Creación/Creación
Eugenia Gazmuri Vieira: Miniaturas
Por Eugenia Gazmuri Vieira, martes, 4 de octubre de 2011
Al aumentar el espacio entre el objeto y el espectador, las miniaturas ritualizan el proceso de la mirada; lo que aparece radicalmente reducido de tamaño es, en cierto sentido, liberado de su significado inmediato, transformándose en imagen que fulgura, en objeto de ensueño, en un recurso de la fantasía en el que los valores se condensan, intensificándose. Como miniaturas que son, estos breves cuentos parece que alumbran por unos instantes extrañas habitaciones, el secreto de un secreto, un nuevo paisaje, un diálogo casual, y revelan la transparencia de la realidad cotidiana.
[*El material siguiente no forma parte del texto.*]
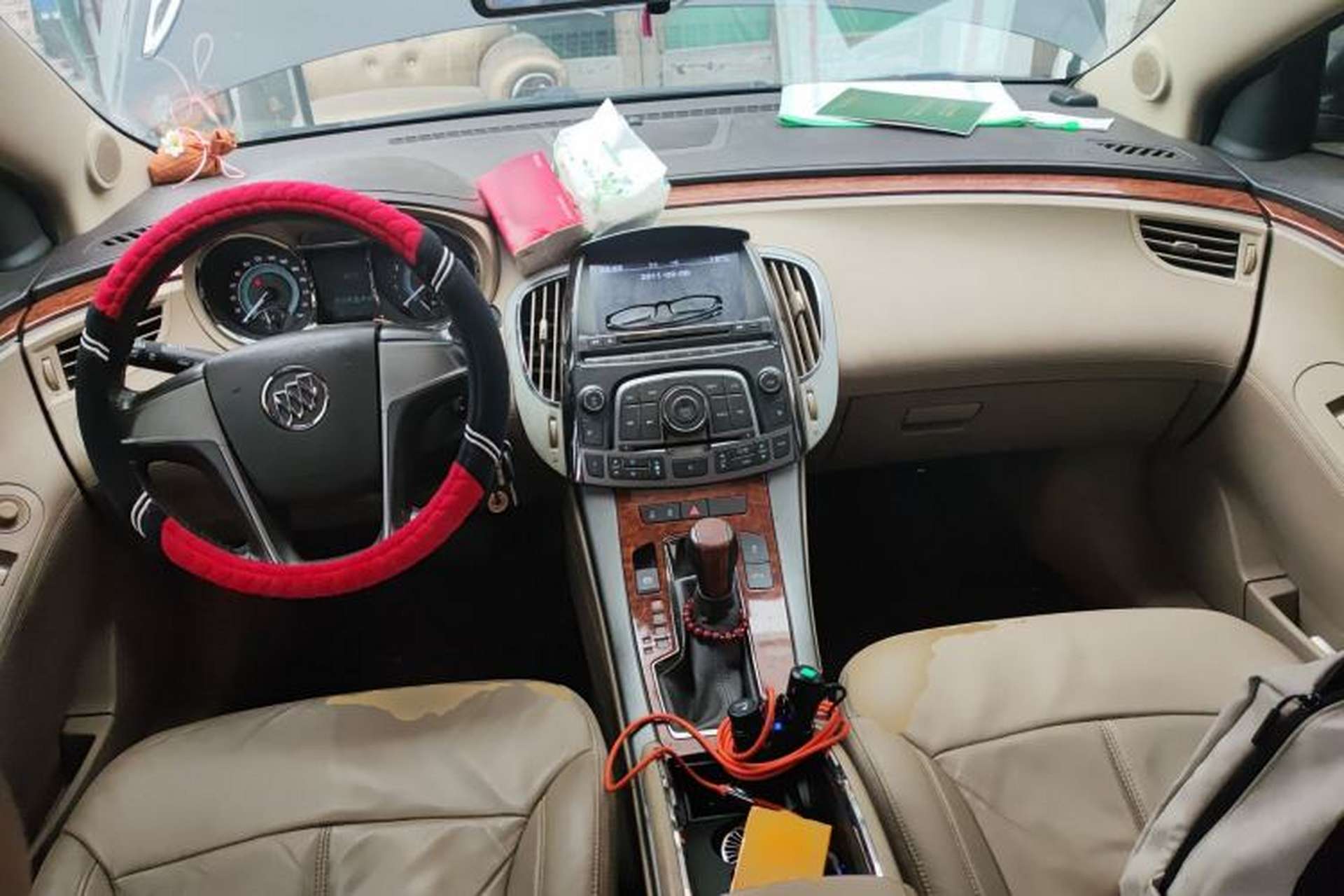 Used Buick LaCrosse 2010 2.0T Comfort Edition Center Console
Apelando al misterio y a la levedad de las palabras, Eugenia Gazmuri Vieira tantea en Miniaturas, mediante estas historias, la naturaleza de una escritura que, llana, simple, directa, no exenta de poesía, busca provocar una apertura de lo pequeño hacia lo grande, iluminando el detalle, lo frágil, lo efímero, las tramas sensibles formadas por la relaciones entre las cosas. Son historias que contienen la tensión, el sentimiento de que algo va a ocurrir, la certeza de que las cosas están como dormidas y prestas a despertar a través del lenguaje.
Una voz
Estaba llegando el otoño, pero el verano no se
decidía a extinguirse, no tan fácilmente. Los días entonces, eran impredecibles.
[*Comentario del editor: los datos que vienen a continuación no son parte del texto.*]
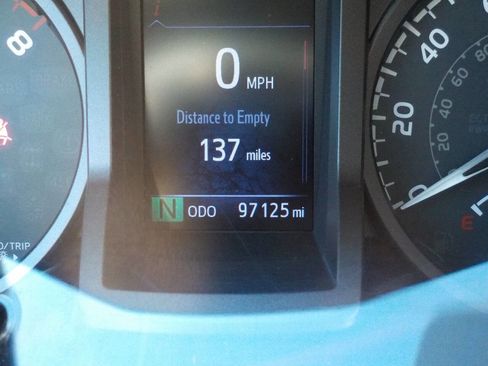 Used 2019 Toyota Tacoma TRD Sport image 19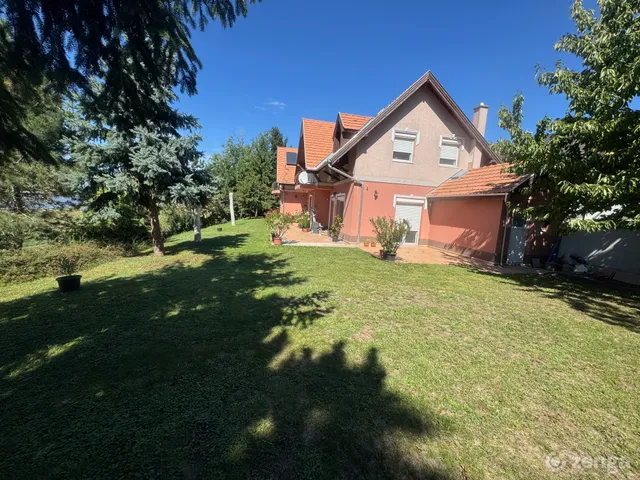 Eladó ház Biatorbágy 278 nm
A uno húmedo y helado, lo sucedía otro que progresivamente iba calentándose
hasta el inicio de la tarde, calentándose desde adentro, intentando avivar aún
el fuego y el sueño que habían llegado a su apogeo durante los días finales de
Enero. Hoy era otoño, pero detrás de la capa de niebla que parecía velar lo alto
de los edificios blancos y grises, se distinguía aún el azul de un cielo de
verano. Extendí mi mano como queriendo alcanzar ese azul o el dorado de las
hojas de los árboles, y el taxi se detuvo.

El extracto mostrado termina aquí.